The VHSL tried under the super site concept to have the semi-finals and finals – for both the boys’ and girls’ – played in the same week in Richmond. Yep, another disaster. Teams were playing on Tuesday morning at 10:00 am.
So now we have the biggest disaster of them all. Teams go all across the state to play quarterfinal and semi-finals games wherever the host school can find a neutral gym. And I said gym. Yes the State Semi-Finals beginning tonight in Virginia will in most cases be played in high school gyms. In Southwest Virginia, Carroll County High School and Pulaski County High School will play in the State Girls’ Class 4 Semi-Finals in the gym at Galax High School. The young ladies who have no doubt worked their asses off and dreamed of being on this stage in their lives get the memory of the lifetime in Galax. And that’s just one of a number of sites hosting semi-finals.
The winners do advance to play for the championship at VCU’s Seigel Center in Richmond so yes at least 24 teams between both genders will get to compete for a championship on a big floor and you might think there’s no way that the VHSL could possibly mess that up, right? You’d be wrong. The State Finals will be played Wednesday, Thursday and Saturday at VCU because the owner of the Arena – VCU – needs it to play St. Joseph’s in an Atlantic-10 game on Friday night. Can you imagine any other state in the country putting the state tournament in a place where it is interrupted so the tenant of the building can actually use it.
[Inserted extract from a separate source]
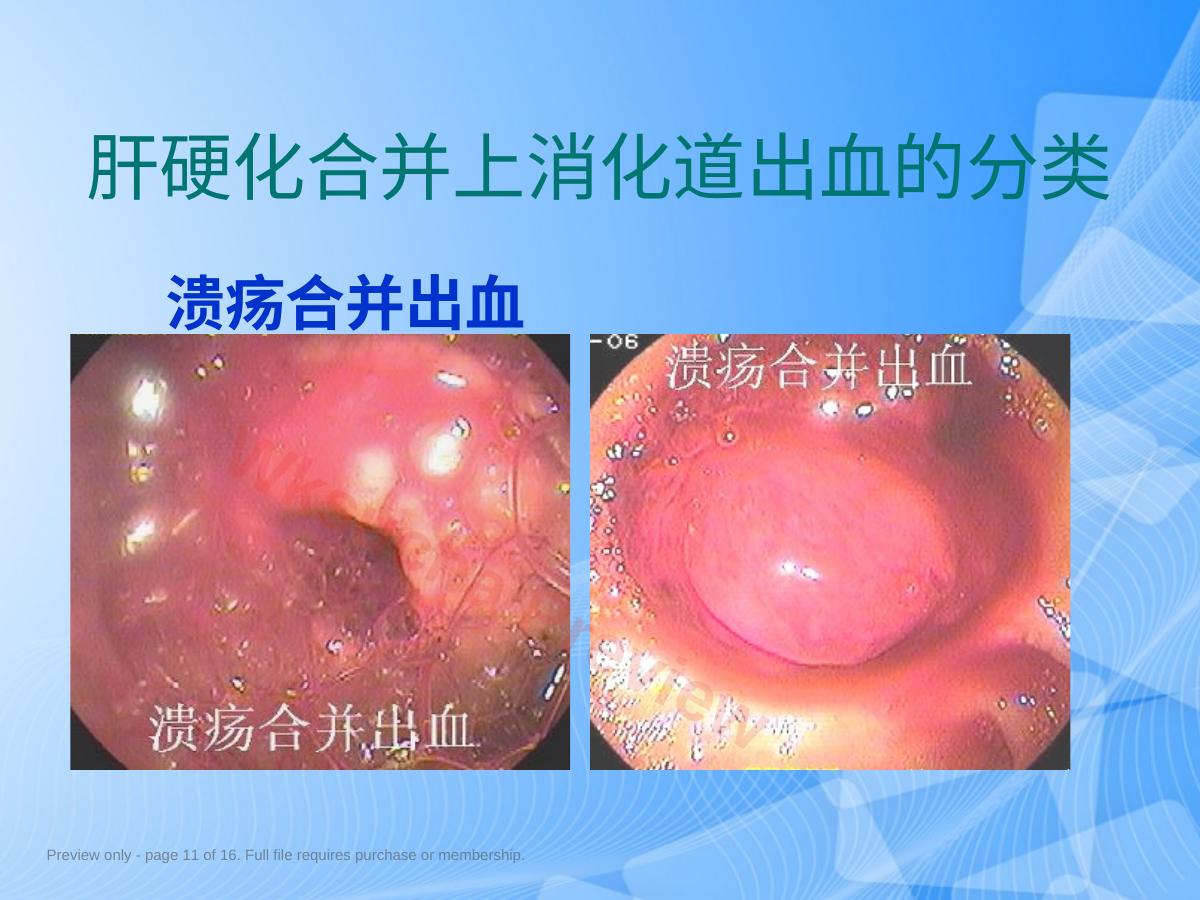 预览第 11 页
Didn’t they check on this before they put the finals there? We interrupt your tournament for a game between our school and a school where the hawk mascot never stops flapping his wings because the “hawk will never die.”
There is no perfect system, but with a little creativity the VHSL could make the tournament a center piece of a celebration of basketball in Virginia. Nothing says that the girls have to play the same week as the boys. Hell give the ladies their own week because they deserve it. Nothing says all 6 classifications have to be in the same location. The VHSL splits up championships by classifications in other sports. So, why not basketball? At least, they get to feel like they are going to the state tournament rather than to a nearby gym.
Other states figure it out, so why can’t Virginia. It appears because they don’t want to and for guidance they just need to look to the West because in this case the mother ship looks lost and the kids pay the price for the VHSL taking the path of least resistance or is that supreme incompetence?